# Attaching deck ledger to cantilever



## ram80ran (Apr 4, 2007)

We’re planning to build a deck on the back of my daughter’s house. It will be about 30 feet long, and 20 feet will attach to a 2ft cantilever off the house. Is it normal/ok to attach the deck ledger to the cantilever? We’ve also considered a free standing deck, but are concerned the fill dirt around the house may settle. Any advice is appreciated!


----------



## handy man88 (Jan 23, 2007)

It's definitely a bad idea to install a ledger board against a house section that is cantilevered, especially if you don't plan to support this cantilevered edge by shoring it up. I would recommend a free standing deck. 

For new construction, it is generally recommended not to install a deck until 1 year after construction to allow settlement from the dirt used to backfill the foundation. Some jurisdictions even require both a ledger board to be added to the free standing deck. 

Are you going to get a permit for this deck? Depth for posts is at least past the frost line, and sometimes deeper (3 ft.) if the county inspector can drive a length of rebar below the frost line.


----------



## AtlanticWBConst. (May 12, 2006)

ram80ran said:


> We’re planning to build a deck on the back of my daughter’s house. It will be about 30 feet long, and 20 feet will attach to a 2ft cantilever off the house. Is it normal/ok to attach the deck ledger to the cantilever? We’ve also considered a free standing deck, but are concerned the fill dirt around the house may settle. Any advice is appreciated!
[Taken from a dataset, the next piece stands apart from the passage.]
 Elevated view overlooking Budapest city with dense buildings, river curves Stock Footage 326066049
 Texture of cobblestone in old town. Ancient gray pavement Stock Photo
That's a large deck. Do all your homework on how to properly support it. As mentioned already, don't attach to the cantilevered portion of your home.
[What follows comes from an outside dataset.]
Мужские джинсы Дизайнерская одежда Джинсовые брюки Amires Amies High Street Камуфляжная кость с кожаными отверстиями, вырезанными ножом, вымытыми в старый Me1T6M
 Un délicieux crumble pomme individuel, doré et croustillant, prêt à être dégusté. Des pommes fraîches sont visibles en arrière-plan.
Tip: when using all PT material, I usually encourage the home owner to consider 2x8's on the flat as a railing cap. This allows a large surface area to place food and drinks on when you are entertaining.

Example:


----------



## beer_geek (Feb 19, 2007)

Thanks for that tip. I'm going to rip out the current 2 x4's this weekend.


----------



## Brik (Jan 16, 2007)

To the guys that say NO to attaching to the cantilever. Doesn't it depend on how it was built?

If the 2' cant. is scabbed on then I can see why not. If the cant. is a projection of the floor joists and is continuous across the top of the foundation wall, under the house, then it should be fine, no?


----------



## AtlanticWBConst. (May 12, 2006)

Brik said:


> To the guys that say NO to attaching to the cantilever. Doesn't it depend on how it was built?
> 
> If the 2' cant. is scabbed on then I can see why not. If the cant. is a projection of the floor joists and is continuous across the top of the foundation wall, under the house, then it should be fine, no?


Good Question Brick. 

Here is a comment off this website regarding the same deck attachment question:

http://www.vadeck.com/page9.htm

*Question: *_"Any problem attaching my deck to a cantilevered (overhang) portion of my house?"_ 
*Answer: Don't do it. Most local building codes prevent this practice. The reason is because many folks will attach the deck band to the house band which has only been NAILED into the house joists. Therefore half of the weight of their deck is supported by the shear strength of a few nails! Be safe and run an extra beam under the deck at the area where it attaches to the house. Or, you can remove the existing house band, and run your deck floor joists back until they rest on the house foundation wall. (Always be sure to flash your deck to prevent water from gaining access to your house.) Or, step your deck down and attach the deck band to the house wall (normally concrete). *

Same question asked on the ICC bulletin board:

http://www.iccsafe.org/cgi-bin/ultimatebb.cgi?ubb=get_topic;f=10;t=001678


----------



## robertcdf (Nov 12, 2005)

You can attach to the cantilever ONLY if it is engineered. In other words if they attached INVERTED hangers to the rimboard so that the weight of the rim (and new deck) are supported by the joists no just the shear of the nails.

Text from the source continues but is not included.